From Raytown to Harvard to South Korea to San Francisco, Justin Schweisberger comes home
Sometimes the best way to land a job is just to ask for it.
That’s something Justin Schweisberger might say. In 2008, Schweisberger was working for Kansas City law firm Husch Blackwell, he was intrigued by a presentation given by a small San Francisco startup called Pramata.
Pramata was pitching to Schweisberger, a project manager at Husch Blackwell at the time, a new way to digitize information embedded into contracts and organize it into databases.
For Schweisberger, a Harvard psychology graduate who had been leaning toward signing up for law school, Pramata’s sales pitch hit his ears more as a career opportunity than a vendor offering its wares.
“Literally after the sales presentation, I asked if we could have lunch,” Schweisberger said.
Months later, Schweisberger landed a job with Pramata, which is now a promising software solutions firm in San Francisco that in 2015 landed a $10 million round of funding from venture capital firms. Schweisberger, who started as a project manager, ascended to become its chief product officer.
Last summer, Schweisberger opened Pramata’s Kansas City office in the Crossroads Arts District. It’s the first outpost in the United States for Pramata; about 16 employees work in Kansas City. For the Raytown native, it was a return to his roots, to a city where his upbringing helped shape his view of the world.
Schweisberger’s parents still live in the Raytown home where he grew up. Schweisberger lived in a working-class neighborhood and attended Raytown South, where he excelled as a two-sport athlete. He played basketball for famous Raytown South basketball coach Bud Lathrop and former football coach Kelly Donohoe, who now coaches at Blue Springs High School.
Schweisberger also stood out in the classroom. When he broached the idea of applying to go to Harvard, his parents encouraged it.
“My parents never took anything off the table for me,” Schweisberger said. “They said, ‘If you think you can do something, go do it.’ ”

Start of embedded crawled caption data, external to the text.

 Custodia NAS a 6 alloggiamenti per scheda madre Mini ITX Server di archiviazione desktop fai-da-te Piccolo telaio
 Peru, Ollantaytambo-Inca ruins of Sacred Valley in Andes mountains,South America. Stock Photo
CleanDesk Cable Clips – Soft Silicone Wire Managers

Schweisberger would find the stately halls of Harvard a distinct departure from his Raytown surroundings.
His first semester, he took a class in social justice. At the same time, janitors at Harvard were on strike. While fellow classmates sympathized with the plight of the janitors, they also pitied them for the work they did. Schweisberger, who worked as a janitor during high school, took a different view.

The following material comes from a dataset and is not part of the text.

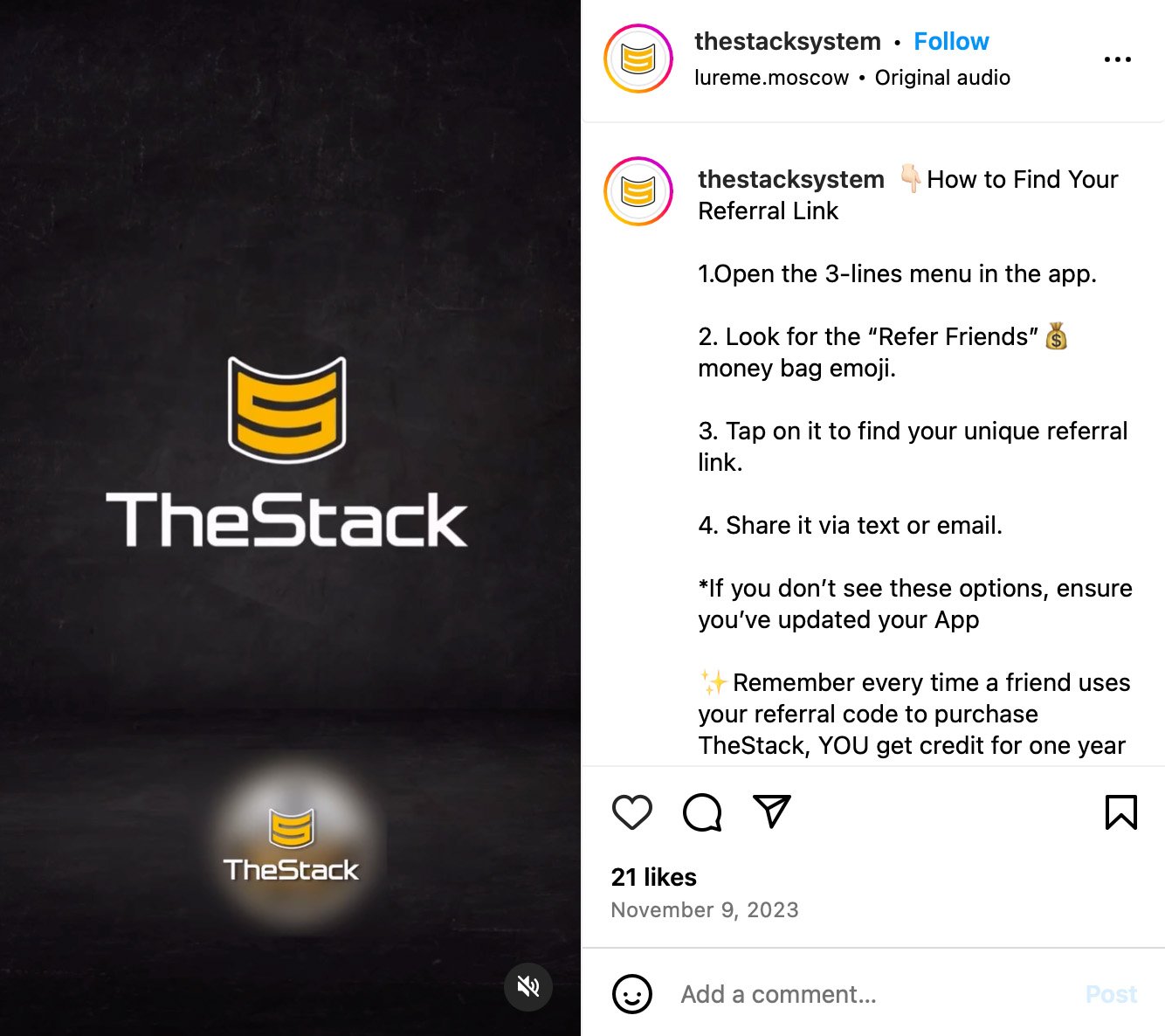 Explore The Stack system on Instagram The Stack system product featured on Instagram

“They were kind of talking down to the janitors — how could they possibly be happy?” Schweisberger said. “I said, ‘I’m a janitor, I worked with janitors. They can be happy.’
“You can overlook people and put people in boxes and not learn from them.”
Schweisberger graduated with a degree in psychology in 2005, just as fellow Harvard grad Mark Zuckerberg’s Facebook site was getting off the ground.
Schweisberger opted to go to South Korea to teach English before he worked for Husch Blackwell and eventually for Pramata.
Pramata’s technology scans written contracts and digitizes them to make key points of information more accessible. For clients like CenturyLink and Medtronic, it allows them easier access to contract information like renewal dates and discounts, things that are easy to track with just a few customers but becomes cumbersome with thousands of them.
The company sought an office outside of San Francisco — “I don’t know if you’ve heard, it’s really expensive in the Bay Area” he says — and took Schweisberger’s idea to start up in Kansas City. It worked out for his family; he’s closer to his parents, and his wife landed a job at Children’s Mercy. All because he asked for a job.